**PROBLEM STATEMENT:** Exact copy, no pictures: return only the lines below from the line with "Chloe Tiffany Style" up to and including the line with "VTG 50s 60s".
*** Opening RECORDS ***
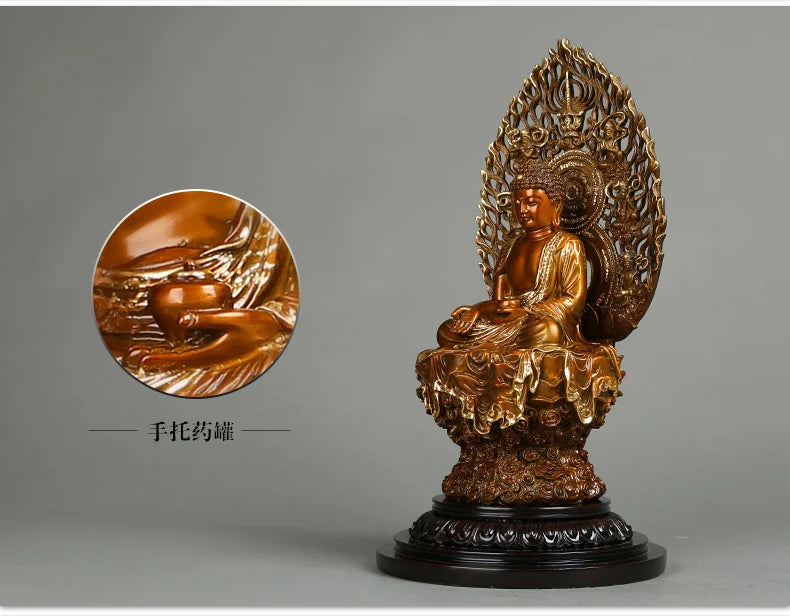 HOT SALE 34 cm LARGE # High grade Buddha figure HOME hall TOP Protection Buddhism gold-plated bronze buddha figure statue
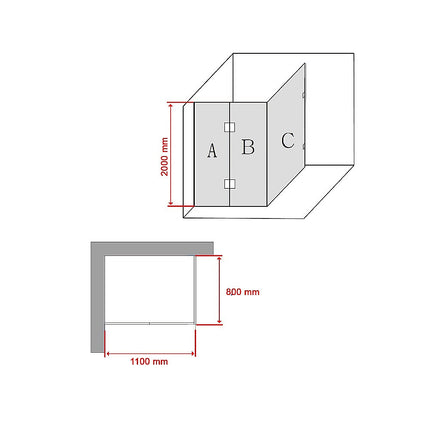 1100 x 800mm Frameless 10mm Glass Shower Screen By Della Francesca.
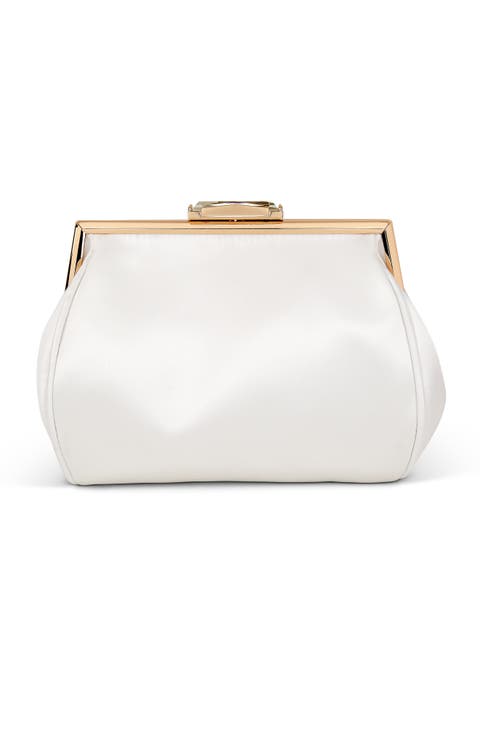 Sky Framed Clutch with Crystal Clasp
*** Closing RECORDS ***
*** Opening RECORDS ***
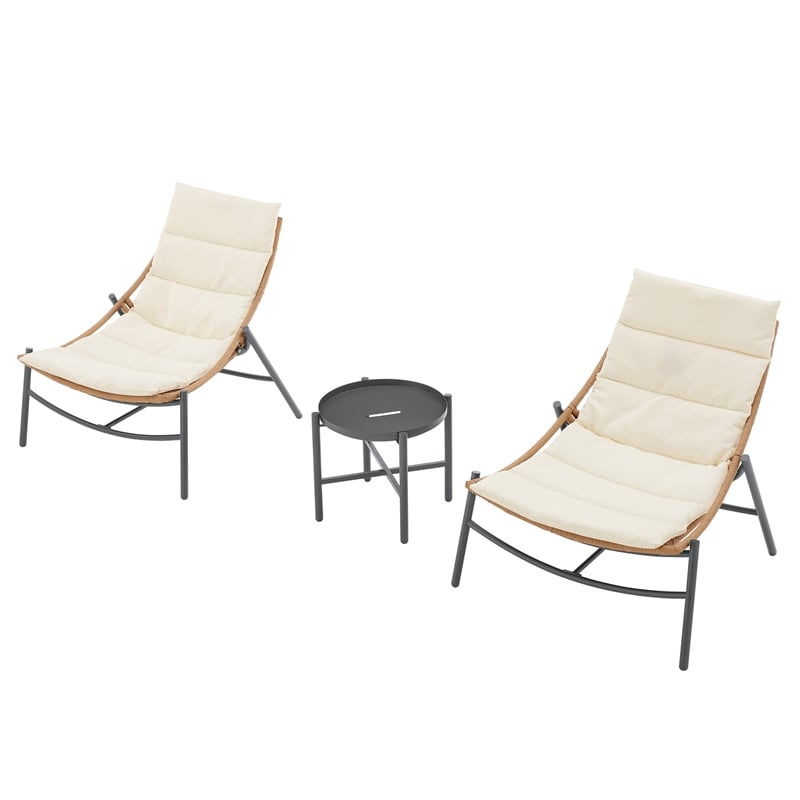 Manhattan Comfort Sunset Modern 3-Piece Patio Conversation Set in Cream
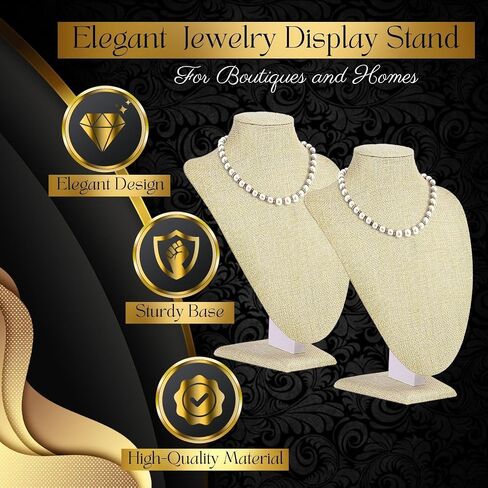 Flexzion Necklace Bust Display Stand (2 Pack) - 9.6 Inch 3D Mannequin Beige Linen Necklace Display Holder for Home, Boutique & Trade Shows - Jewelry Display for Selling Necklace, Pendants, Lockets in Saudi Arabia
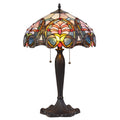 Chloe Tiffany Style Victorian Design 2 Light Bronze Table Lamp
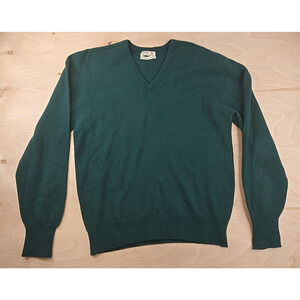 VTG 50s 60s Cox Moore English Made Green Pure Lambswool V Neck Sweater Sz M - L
*** Closing RECORDS ***
**ANSWER TO THE PROBLEM:**
 Chloe Tiffany Style Victorian Design 2 Light Bronze Table Lamp
 VTG 50s 60s Cox Moore English Made Green Pure Lambswool V Neck Sweater Sz M - L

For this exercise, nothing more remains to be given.